April 23rd, 2024

The emperor’s vision


By Austin Fennell on November 27, 2020.

In the days when Augustus was the emperor in Rome and Herod was king in Judea, a group of men walked from the emperor’s palace through the Forum, having asked the emperor if they could build a temple in his honour. Was he not a god worthy of such a building? He gave them no answer.
The night could not have been more still. There was no wind. No dog barked.
Then came a strange sight. A Sibyl (prophetess) came out of her cave in the hills. She had not come out for years. The group was perplexed, but it seemed like a good omen. Augustus was about to offer up a dove but it flew away.
Suddenly the silence was broken. A brilliant star blazed over the sacred hill. Nature awakened. The wind stirred. The Tiber River sounded. The moon came out. The sky filled with stars. The dove returned and lighted on the shoulder of Augustus. All the Earth seemed to be at a Augustus’ feet.
“Hail, Caesar!” the group of men cried out! “You are a god.”
The Sibyl was aroused. She was a terrifying sight, with tangled hair and blazing eyes. She pointed to the east.

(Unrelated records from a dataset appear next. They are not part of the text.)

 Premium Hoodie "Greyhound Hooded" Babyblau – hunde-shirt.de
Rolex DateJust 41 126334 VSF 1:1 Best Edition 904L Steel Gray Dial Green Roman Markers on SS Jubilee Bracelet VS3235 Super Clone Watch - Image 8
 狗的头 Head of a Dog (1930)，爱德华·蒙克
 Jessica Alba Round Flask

She grasped the emperor’s hand. “Look,” she commanded. Augustus saw a vision: a common stable on the hillside with shepherds kneeling.

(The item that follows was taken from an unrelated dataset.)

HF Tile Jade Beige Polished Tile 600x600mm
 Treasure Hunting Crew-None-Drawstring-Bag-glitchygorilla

The Sibyl’s knotty fingers pointed. “Hail Caesar!” she laughed. “There is the God who will be worshipped on Capital Hill.”

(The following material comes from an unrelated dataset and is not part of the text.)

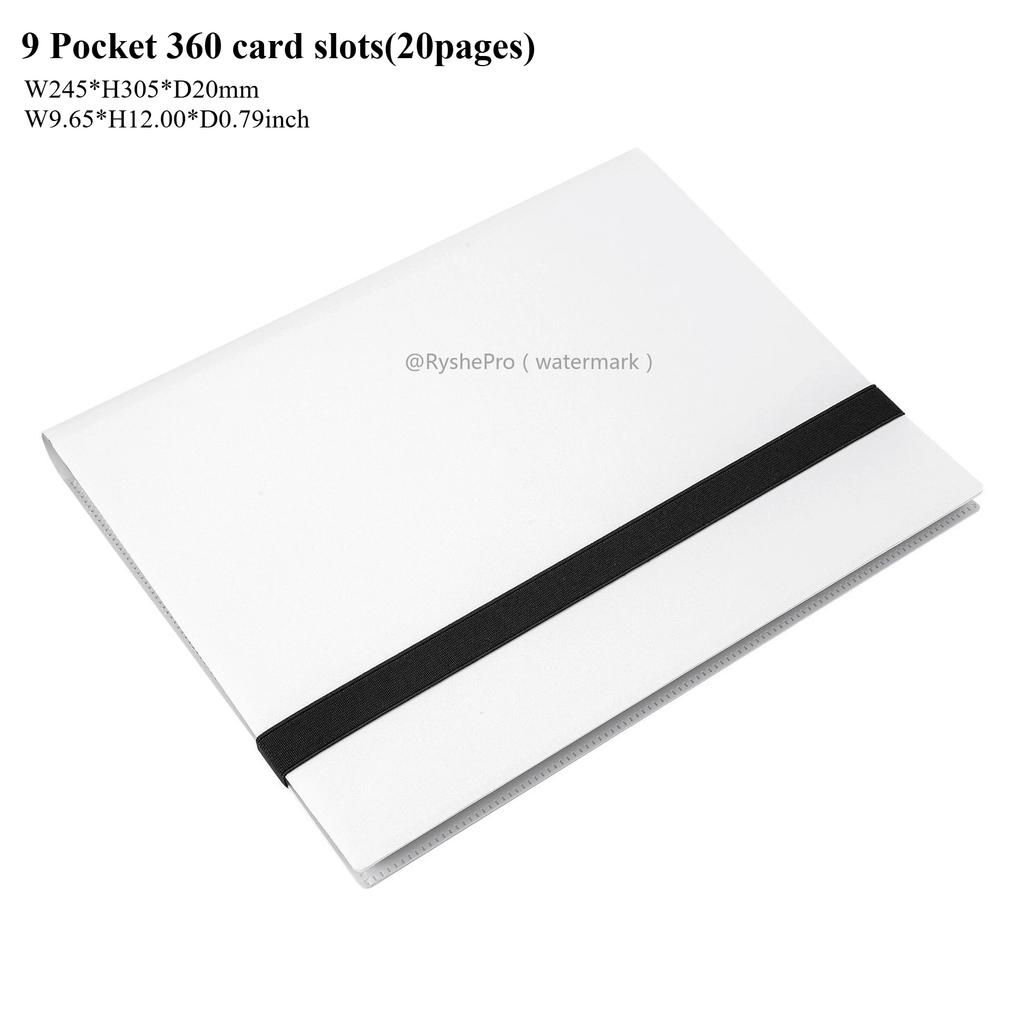 Desky na karty s 9 kapsami Album na sběratelské karty Displayové desky 360 Kapsy s bočním vkládáním Držák pro TCG Yugioh MTG Kniha herních karet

Augustus was horrified and shrank back. The Sibyl’s voice could be heard for miles: “The Redeemer of the world shall be worshipped on Capital Hill. He will be the Christ, not a frail mortal!”
The next day, the emperor told the Senate he would build a new temple, but not to honour him, but to the child soon to be born and would name it “Heaven’s Altar – Ara Coreli.”
Story from “The World’s Christmas” by Olive Wyon.